Akşener, seçim süreci boyunca gittiği her il ve ilçede emeklileri, öğretmenleri ve mülakat mağduru gençleri konuştuğunu ve her konuşmasında Cumhurbaşkanı Recep Tayyip Erdoğan'a çağrıda bulunduğunu belirterek, şöyle devam etti:

"Ama kendisi ısrarla, inatla ve türlü bahanelerle bu çağrılarımı geçiştirdi. Nitekim dün akşam milletin gerçekleri karşısında AK Parti'nin eriyen oylarıyla yüzleşti. Kendisi umarım ki artık çağrılarımızın arkasında sadece milletin sesi olduğunu anlamıştır. Umarım ki artık millete rağmen siyaset yapılamayacağını öğrenmiştir. Umarım ki artık tüm Türkiye'nin cumhurbaşkanı olması gerektiğini görmüştür. Umarım ki Sayın Erdoğan bu seçim sonucundan gereken dersi almıştır." 
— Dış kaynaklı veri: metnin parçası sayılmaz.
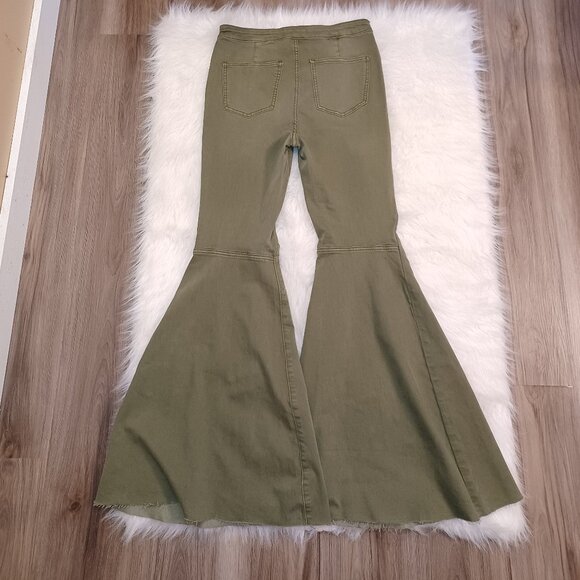 We the free. Women's size 29. Just Float On Flare. Army Green. - Picture 7 of 7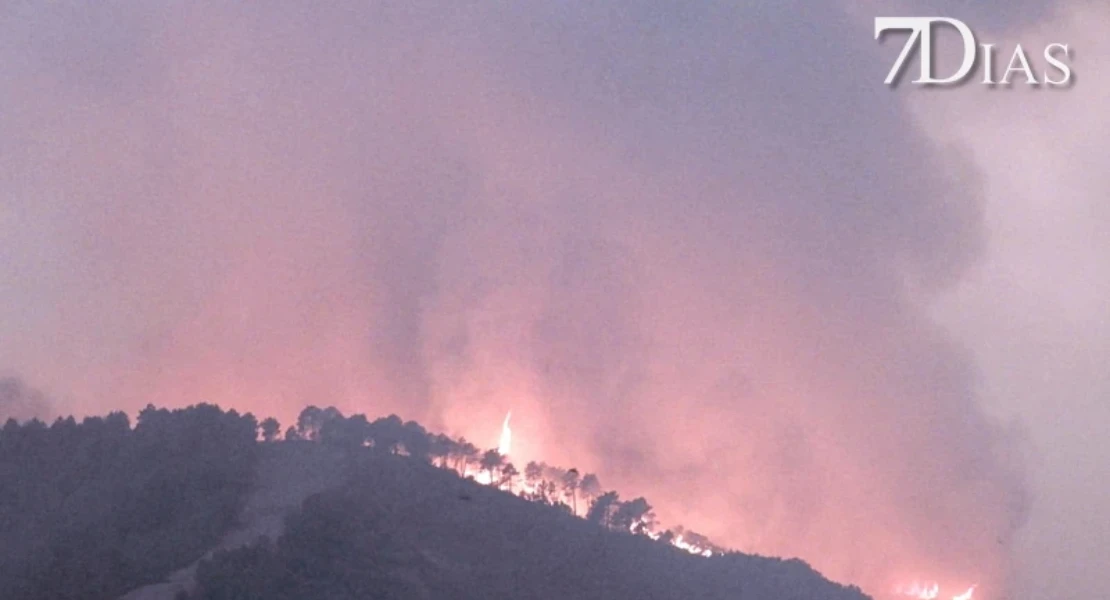 Meteorología favorable en el incendio forestal de Pinofranqueado, que ya ha calcinado 2.200 ha
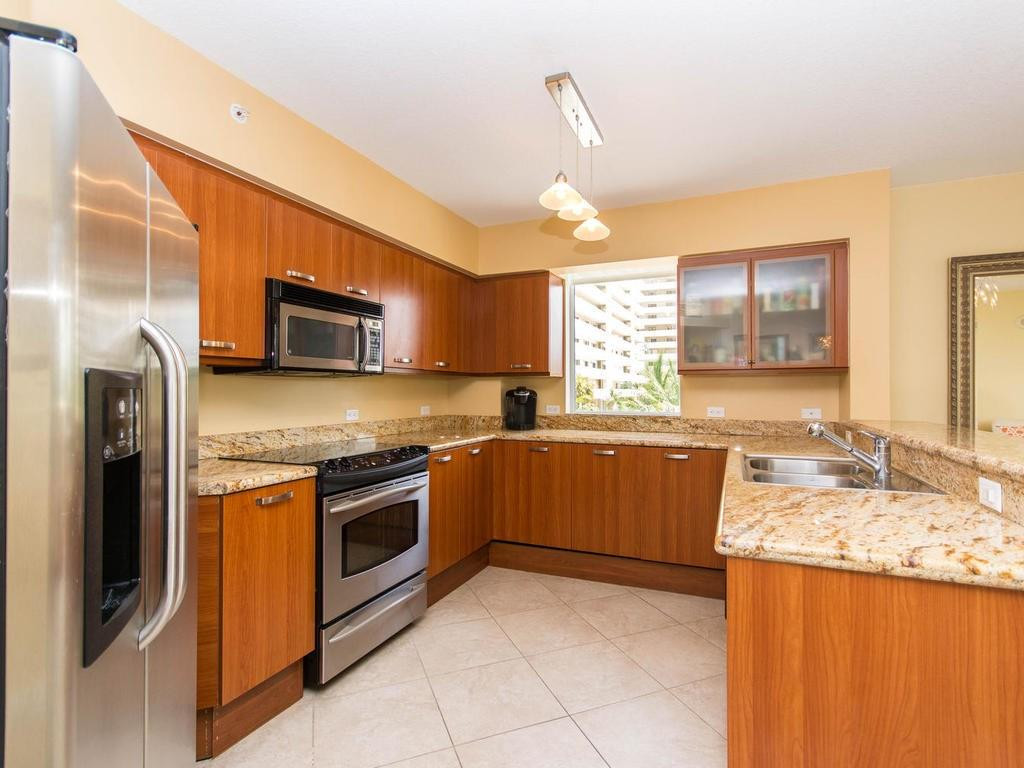 2001 N Ocean #202, Fort Lauderdale FL 33305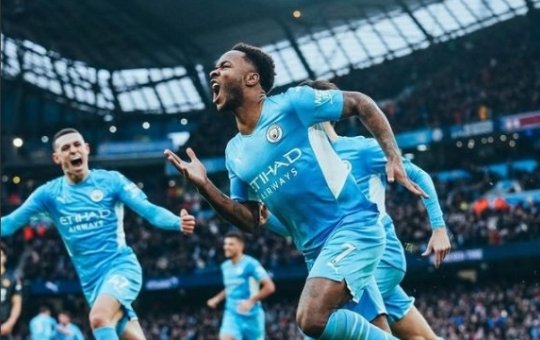 Sterling marca o 100º gol na Premier League e dá vitória ao Manchester City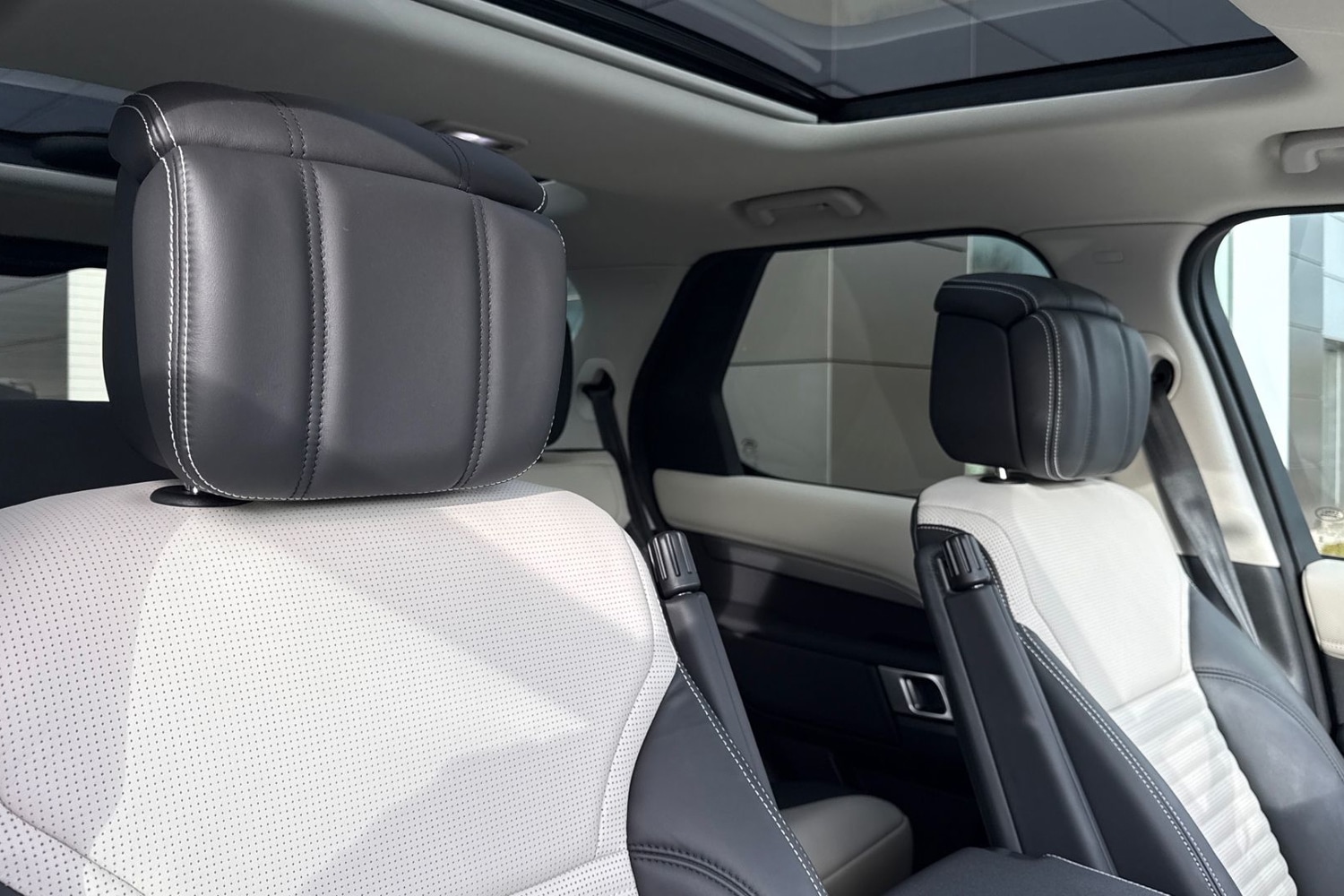 Used Land Rover Discovery 2025 for sale - 76902562: Photo 22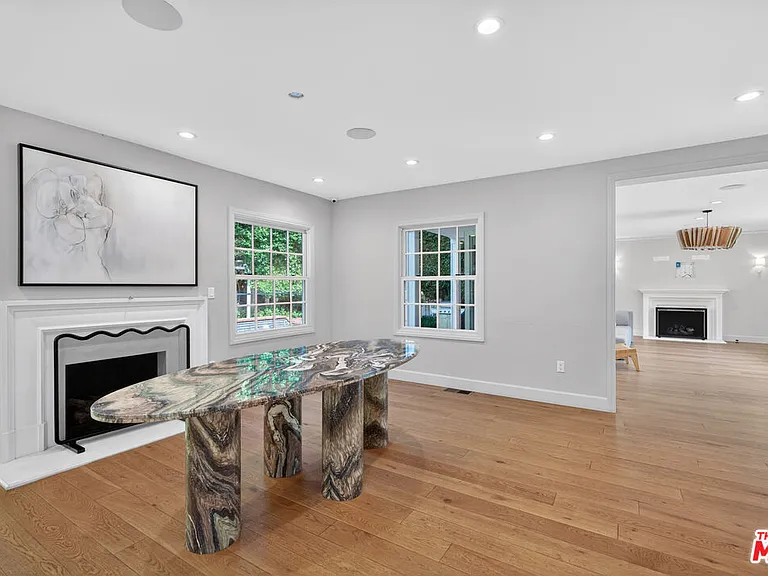 462 Warner Ave — Photo 14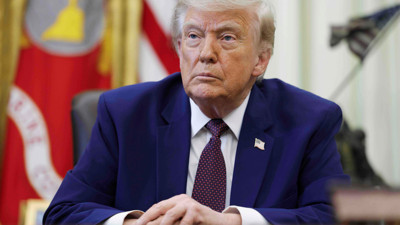 Trump: "İran’a hava saldırılarını ve bombardımanları iptal ettim"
"Öz eleştirilerimizi yapacağız"

Akşener, siyaset kurumu olarak sandıklardan çıkan mesajı duymanın herkesin görevi olduğunu kaydederek, şunları söyledi:

"Bu doğrultuda Türkiye Cumhuriyeti'nin demokratik bir devlet olma vasfı gereğince İYİ Parti olarak biz de üzerimize düşen sorumluluğu alacağız. Her zaman yaptığımız gibi seçim sonuçlarına ilişkin muhasebemizi ve öz eleştirilerimizi yapacağız. Bugüne kadar olduğu gibi bugünden sonra milletimizin bize vermiş olduğu mesaj ve bizim için çizdiği istikamet doğrultusunda gereken adımları atacağız. Nitekim tam da bu sebeple parti tüzüğümüzün genel başkan olarak bana verdiği yetki gereğince en kısa sürede olağanüstü seçimli kongremizi toplayacağız.

Milletimizin her bir ferdi şundan emin olsun ki, sandıkta açıkça ortaya konan iradeyle Türkiye için hak arayışında, huzur arayışında, refah arayışında İYİ Parti dün olduğu gibi bugün de milletin önünde veya arkasında değil, her zaman milletimizin yanı başında olacaktır."